"Stone Temple" :- It was that point in the day where late afternoon was fading into early evening. We'd been out on the moors for a few hours and had decided to top off the day with a quick drive out to the mighty Hound Tor. Having parked the car we then embarked on a gentle 10 minute stroll up the grassy and rock strewn hill. As we were getting nearer the tor in front of us was growing to an immense size, the shear scale of it was breathtaking. The tor is actually two separate rock masses and is known as an 'avenue tor' and it's actually listed in the Domesday Book of 1086 as 'Hundatora'. We wandered around the tor in a clockwise manner for a while and then came across this section. It looked like a long forgotten temple or castle or like the entrance to the hall of the Mountain King. I could have stayed up there for hours, it's a truly calming and inspirational place.
"The Cactus Gallery" :- Brighton seafront has changed quite a bit over the last 20 years or so. I remember in the 80's it was an area that few ventured down to and much of it was run down and in a very story state. Then out of the blue a regeneration project was underway and the front was given a new lease of life. It was suddenly vibrant and arty. Bars and clubs opened up and small galleries sprang up here and there selling prints and original works of art. The artist quarter is a varied selection of galleries located down in the arches on the lower promenade. The arches themselves were built (circa) 1890 and were once used to house fishermens boats and nets etc. In this shot you can see four arches which are (left to right) TONSAI II Arch 239 & 240, The Cactus Gallery Arch 242, Ruby Pier Gallery Arch 243 and Dave Downer Arch 244.

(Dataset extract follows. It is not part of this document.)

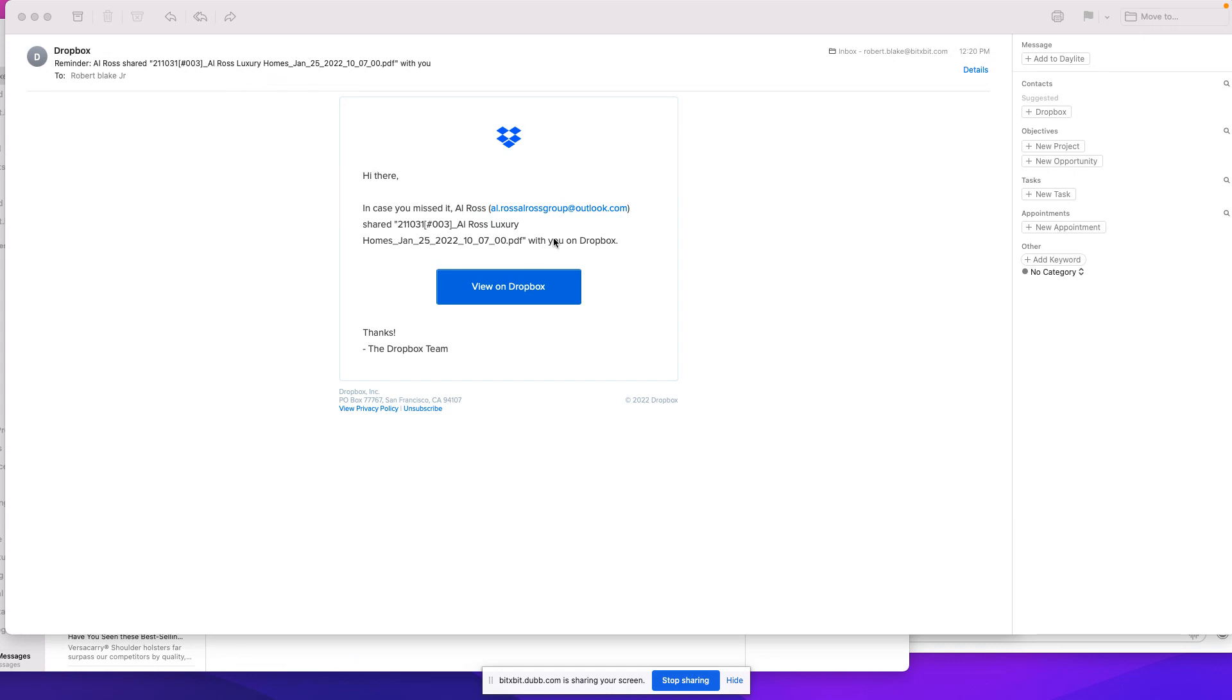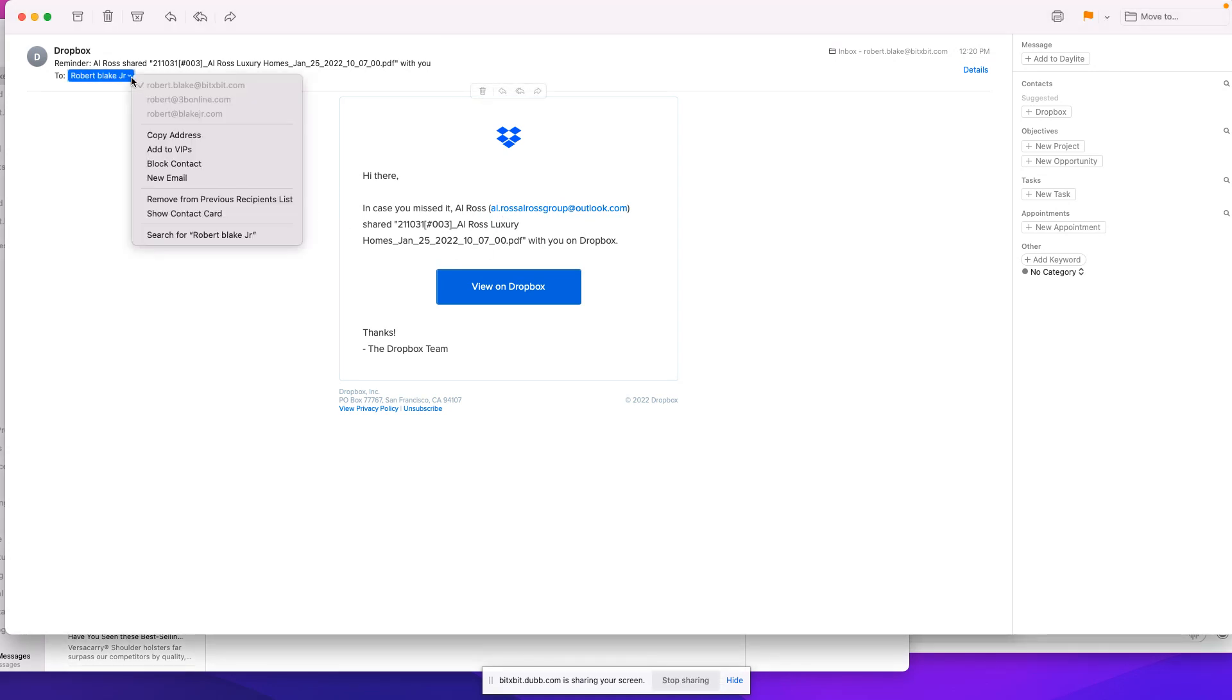it's a random Dropbox link. It came to my address. If you hover over that, you can see that it did, in fact, come to my address.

"On Track" :- My back was virtually against the huge marina wall for this shot. The sea had got bored and wandered off for a while leaving all the bits that are normally hidden from view exposed to the dying light of the day. It was quiet and tranquil. The sun couldn't quite make up its mind what colour to paint everything so the shades and hues were changing by the minute.What you may not have realised with this shot is that I was standing smack in the middle of a giant set of tracks. The larde rocks aren't rocks at all but huge concrete sleepers that were laid at the end of the 1800's to carry Magnus Volk's "Brighton and Rottingdean Seashore Electric Railway". The "Pioneer" (also known by its nickname 'Daddy Long Legs') was a relatively short lived project as the unique coastline railway only ran through the waters of the English Channel between 1896 and 1901. The tracks, "Pioneer" itself and other parts of the venture were eventually sold off for scrap but at low tide some of the concrete sleepers can still be seen. If you follow the line down towards the breakwater on the right you'll notice it curves off to the right. Follow it around and up the beach and it will lead you to the Grade II listed Paston Place Groyne (also known in Brighton as "Banjo Groyne") which was used as the landing stage for the "Pioneer".